Rabu, 03 Juni 2015

My Mother

It's about my mother.
Ibuku bukanlah seorang ibu yang mungkin diharapkan oleh setiap anak. Ibuku orang yang arogan, tidak dewasa, kurang bersyukur, suka menyalahkan orang lain, egois, dominan, selalu ingin menang sendiri dan bukan seorang pemaaf. Semakin bertambah umur, semakin mengenal ibuku, aku semakin menyadari, ibuku bukan seorang ibu yang baik. Ibuku tidak pernah mengajarkanku bagaimana menjadi ibu rumah tangga yang baik, yang diajarkan padaku adalah bagaimana menjadi wanita yang mandiri tanpa tergantung pada laki-laki. Ibuku tidak pernah mengajarkanku bagaimana melakukan pekerjaan rumah tangga dengan baik, yang diajarkannya adalah bagaimana melakukan pekerjaan yang bisa menghasilkan uang. Sejak kecil aku terbiasa bekerja karena ibu. Aku mengalami masa kecil yang berat karena ibu. Tapi, semua itu berguna menjadikanku manusia yang kuat.

Sejak kecil aku tidak ingin menjadi seperti ibu. Ibuku bukan orang yang bahagia. Ibuku tidak menikmati hidupnya. Ibuku selalu berpikir bahwa hidupnya menderita dan tidak ada yang lebih menderita darinya di dunia ini. Ya, begitulah ibuku, tidak pernah bersyukur. Ibuku selalu ingin lebih. Diam-diam selalu ingin mengalahkan orang lain, memiliki lebih daripada orang lain. Tapi, ibuku pekerja keras. Hanya saja ibuku tidak pernah bahagia dalam kehidupan rumah tangganya sendiri. Ibuku yang membuatku menghabiskan masa kecil dengan menyesali kelahiranku sendiri. Karena ibuku, aku takut menjadi wanita dewasa yang seperti ibu.

Kalau saja ibuku sedikit lebih bersyukur, sedikit lebih menikmati hidupnya, sedikit lebih menghargai apapun miliknya, seharusnya ibuku menjadi wanita paling bahagia di dunia. Kadang kupikir ibuku jauh lebih menikmati hidupnya dalam masalah. Ibuku selalu bermasalah dengan bapak. Apa memang seperti itu orang dewasa? Setelah menikah bertahun-tahun justru kehidupan rumah tangganya semakin tegang, semakin renggang, selalu bergeriliya tanpa ada satupun yang mau melakukan gencatan senjata.
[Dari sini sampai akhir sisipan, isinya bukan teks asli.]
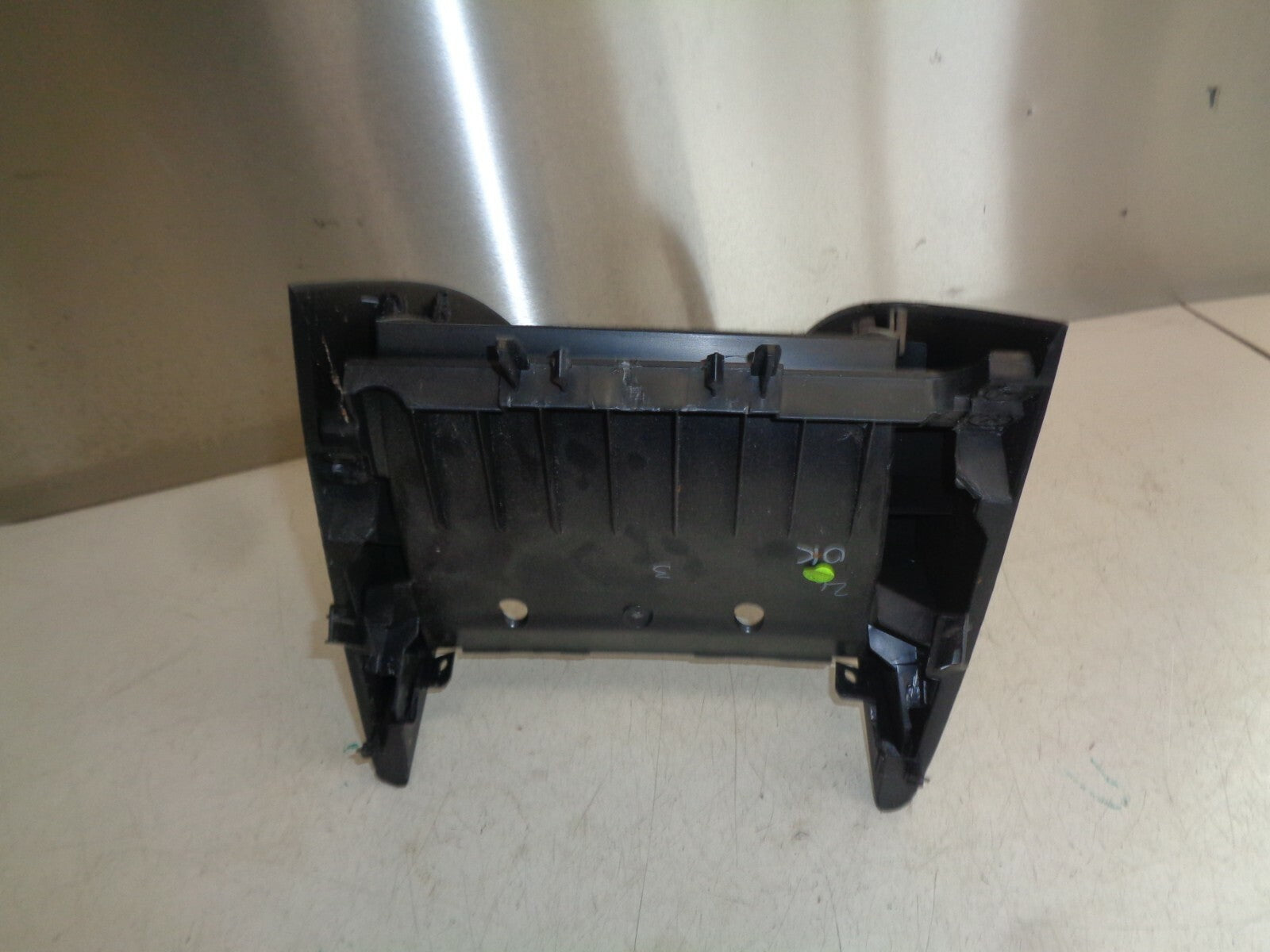 VW VOLKSWAGEN POLO 6R MK5 CENTRE CONSOLE GEARSTICK SURROUND TRIM 6R2863680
Kupikir mereka sedang bosan. Karena itulah selama bertahun-tahun pula aku menyaksikan peperangan itu dalam diam, menjadi nonblock, tidak bisa memihak salah satu. Dan diam-diam pula aku hanya bisa menangis. Hatiku hancur lebur sampai sekarang pun.

Ibuku bukan orang yang mau mengalah, juga bukan orang yang mudah meminta maaf, apalagi memaafkan. Kadang kupikir, musuh terbesar ibuku dalah bapak. Setiap kali berperang, ibuku selalu menyebut-nyebut segala masalah yang sudah lewat bertahun-tahun lamanya, berulang-ulang, tidak ada habisnya. Aku sendiri sampai bosan. Tidak ada masalah baru. Semua hanyalah mengenai masalah lama yang belum kelar. Coba saja ibuku tidak lagi membahas hal-hal yang sudah lewat, seharusnya ibuku bisa menatap jauh ke depan. Seharusnya ibuku bisa tidak membebani dirinya dengan masalah masa lalu yang sudah tidak berarti lagi bagi bapak, dan bahkan bagiku. Seharusnya ibuku bisa kebih bahagia menjalani kehidupan rumah tangganya.

Sejak kecil aku selalu berpikir, jika kedua orang tuaku bercerai aku harus ikut siapa? Aku selalu sampai pada kesimpulan bahwa aku tidak ingin hidup dengan salah satunya. Daripada harus memilih salah satu, aku lebih baik tidak hidup bersama mereka. Begitu dewasa aku berpikir, kenapa orang tuaku tidak bercerai juga? Ibuku yang selalu menyebut kata 'cerai' ternyata tidak benar-benar berani melakukannya dan selalu menjadikan anak-anaknya sebagai alasan. Aku merasa bersalah. Karena keberadaanku, ibuku mengalami masa-masa yang tidak bahagia. Kalau saja aku tidak pernah ada, adik-adikku tidak pernah ada, apakah ibuku akan bercerai dari bapak? Apakah ibuku bisa bahagia?

Tampaknya, aku membawa beban penyesalan yang terlalu besar dalam hidupku. Tapi, semua itu justru membuatku belajar. Suatu hari nanti, kelak, saat ada seorang pria yang mau mencintaiku apa adanya, aku ingin menjadi seorang istri yang baik, aku ingin menjadi ibu yang baik bagi anak-anakku kelak, dan kalau aku tidak bahagaia dengan rumah tanggaku, aku ingin menyimpannya sendiri dan tidak menjadikan anak-anakku sebagai alasan untuk bertahan. Kuharap pria yang nantinya menjadi suamiku juga tidak menjadikan anak-anak sebagai alasan untuk mempertahankan rumah tangga. Anak-anak bukan pilar yang harus mempertahankan rumah yang sudah mau roboh.

Aku harap ibuku bisa lebih bersyukur dalam hidupnya.